Aunt Kate said that years before in Boston she had known one of Hawthorne’s sisters, who was a pleasant lady, all the more pleasant for being extremely limited. The sister had told her
that her brother’s marriage had crowned him, that up to then he had been a recluse, forcing his family to leave his meals outside the locked door of his room. He did not go out during the
day, Aunt Kate said, and did not see the sun save through the small window in his room. He seldom chose to walk in Salem, where he lived, except at night. In the dusky hours, she said, his sister
had told her that the novelist took walks of many miles along the coast, or else wandered about the sleeping streets of Salem. These were his pastimes, she said, and these were apparently his most
intimate occasions of contact with life. And, Aunt Kate added ominously, his sister told her that Nathaniel had never made a single penny from all his work as a writer.

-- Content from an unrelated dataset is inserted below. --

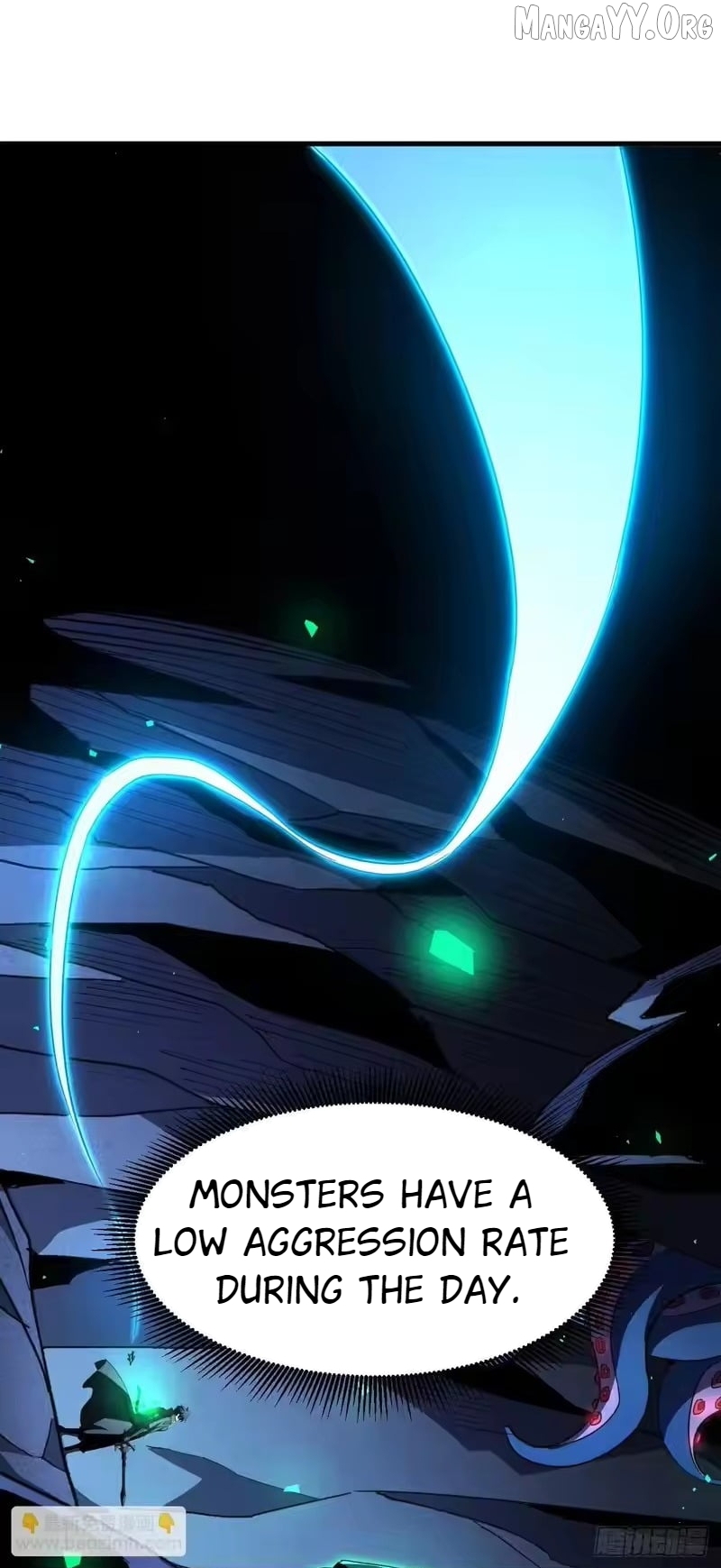 Read Lord of Summons! Sudden Mutation EN Manga Online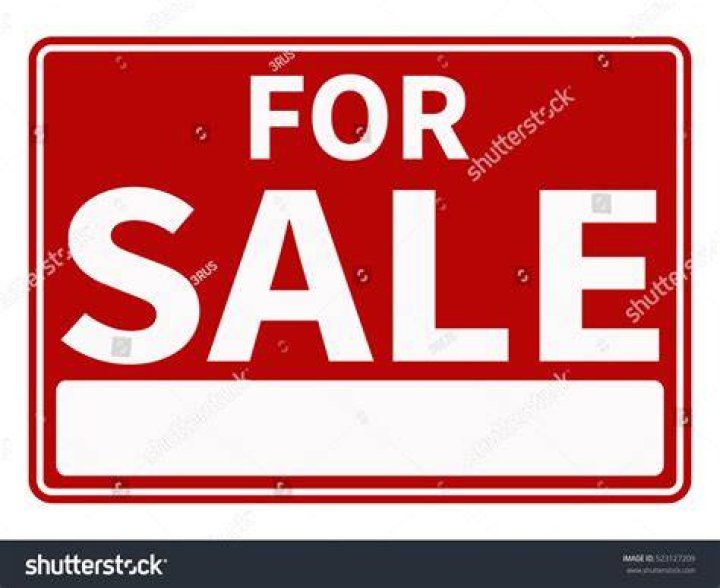 For Sale Sign Gettyimages 132314245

Henry senior then asked Wilky and Bob for their view, since they had both studied at Sanborn with Julian, the novelist’s son. Even Wilky, who was seldom at a loss, could think of nothing
to say except that Julian was a very fine fellow. Bob told the table that he had believed until this moment that the elder Hawthorne was a minister. He thought only women wrote stories.

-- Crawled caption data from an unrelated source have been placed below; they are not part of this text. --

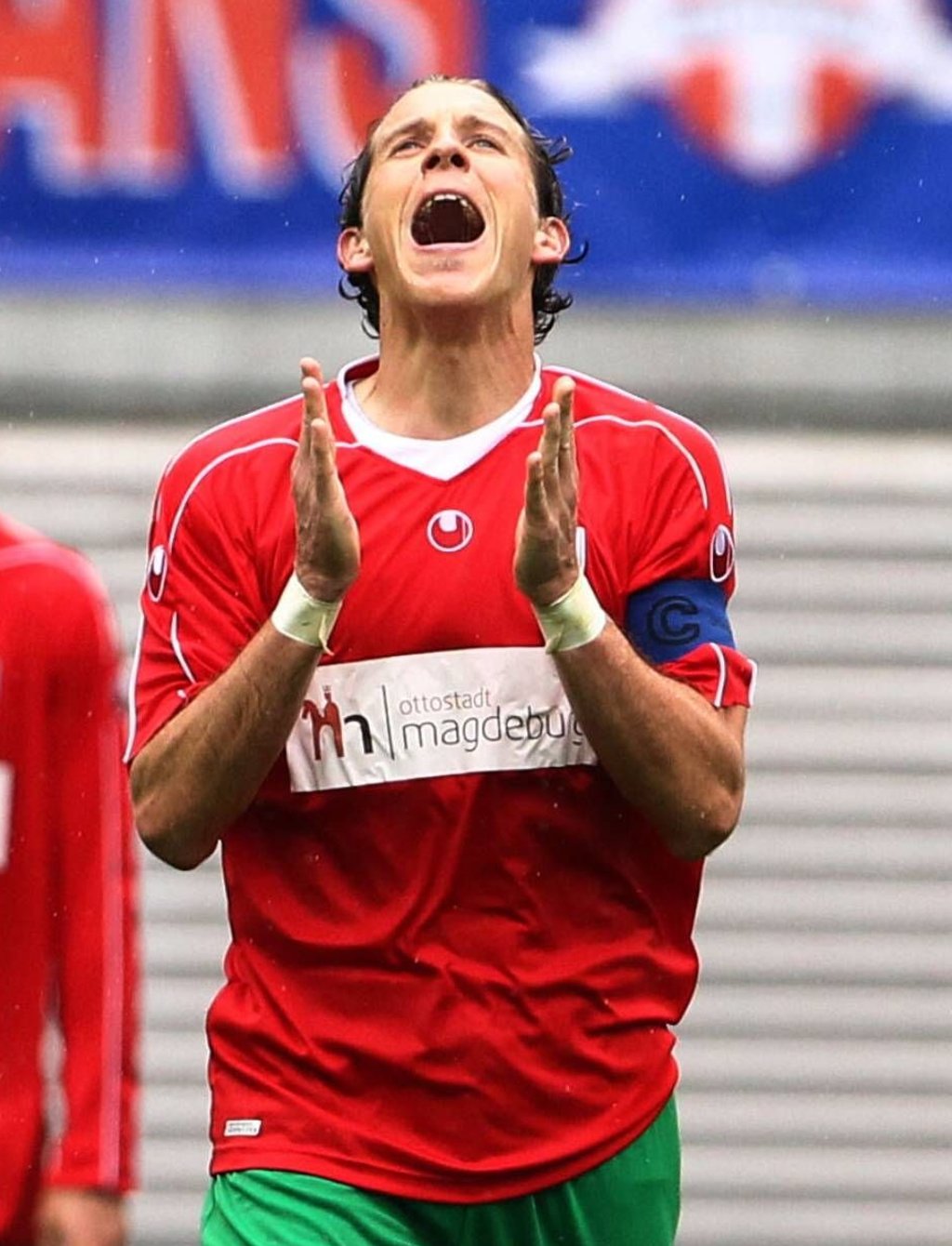 Daniel Bauer, FCM-Kapitän von 2010 bis 2011.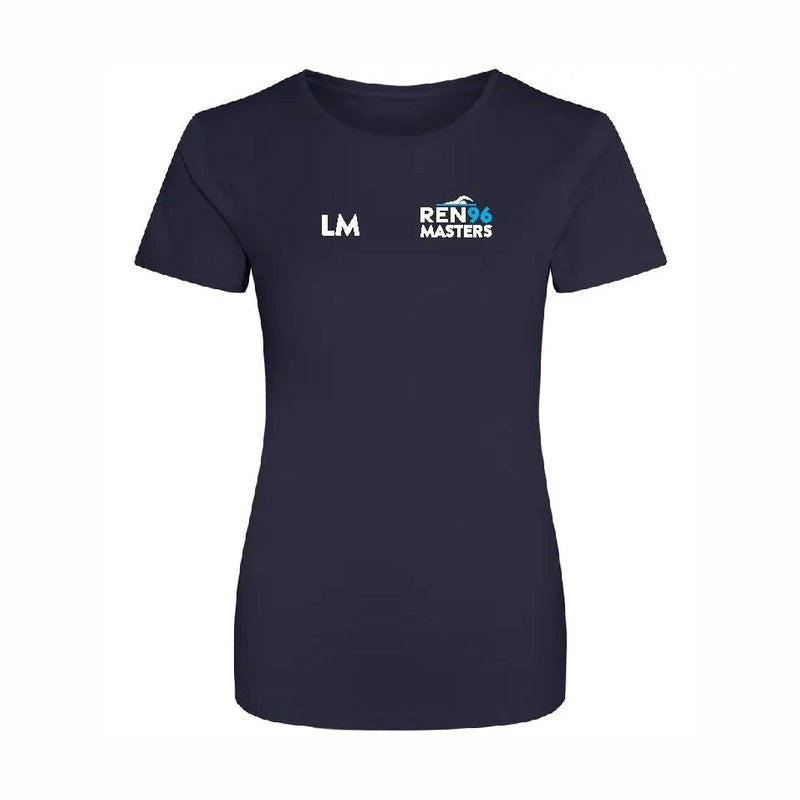 REN96 Masters - Ladies Cool T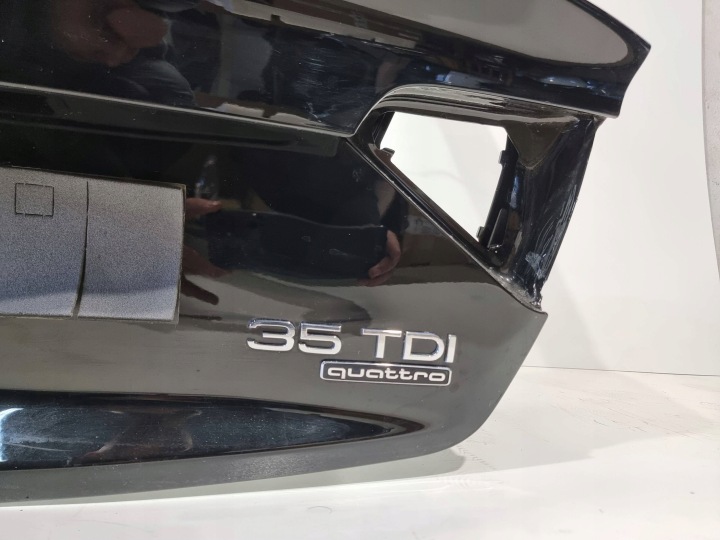 фото №10, Audi a5 8t sportback кришка кришка багажника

Henry’s mother had not spoken until now. She interrupted the general laughter to say that she had known all of the Hawthorne sisters and that they had told her of an injury Nathaniel
received while playing ball which had caused him much pain and difficulty over several years so that he was confined to bed. It was, apparently, this very confinement, she said drily, which led to
his becoming a writer.
Having sought out Perry to discuss the book with him and to tell him what he had gathered about its author, Henry discovered that Perry knew more, that Nathaniel Hawthorne had recently travelled
much in Europe, especially in England and Italy, that he was not, as Henry’s father had supposed, a country bumpkin, but a serious artist, well read, well travelled, possibly one of the most
sophisticated minds in America. Over the rest of the summer, as Henry and Perry prepared to enter Harvard, they read and re-read all of Hawthorne’s books and met most days to share their
impressions.
T
HE WAR
, that first summer, seemed oddly distant. Even the proximity of a field hospital at Portsmouth Grove did not bring the conflict any closer. They
could, they were told, visit the convalescing soldiers, the invalid troops lying under canvas or in roughly improvized shanties, as onlookers, tourists almost. With Perry, Henry went over in the
steamboat, unsure what he would say, or how he would avert his eyes from wounds or missing limbs. On arrival at the camp he noticed the silence at first; he and Perry were unsure whom to approach
or if they needed to ask permission to do so. As no one came towards them, they spoke briefly to an unshaven soldier sitting in his underwear on a log outside a tent. His voice was soft, but his
tone quite indifferent, and his eyes were drained of all energy. He was content to offer no detailed information, merely that the two visitors were free to speak to anyone or to go anywhere they
wished. At the end of the exchange, when they were at a loss to know how to take their leave, Perry gave the soldier a coin which the man hastily put away, looking around him to check if he had
been observed.
The sick soldiers lay inert, half dead, watching the two young men from Newport from the sides of their eyes. What struck Henry first was how young most of them seemed, so soft and raw. As he
and Perry separated and each moved alone among the soldiers, he felt a great tenderness for them and a desperate urge to console them. He had expected open wounds and blood and bandages, but what
he found instead much of the time were fevers and infections. He went where he thought he could, where a pair of eyes had fixed on him and seemed receptive, where a figure seemed not too fevered to
be unreachable and not too hostile. He was careful not to say too much at the beginning in case his voice or his tone, added to his general bearing and his clothes, might appear offensively
opulent, but soon it became clear that this did not seem to matter, that, if anything, it added to the shy guarded welcome he received from each of the soldiers he visited.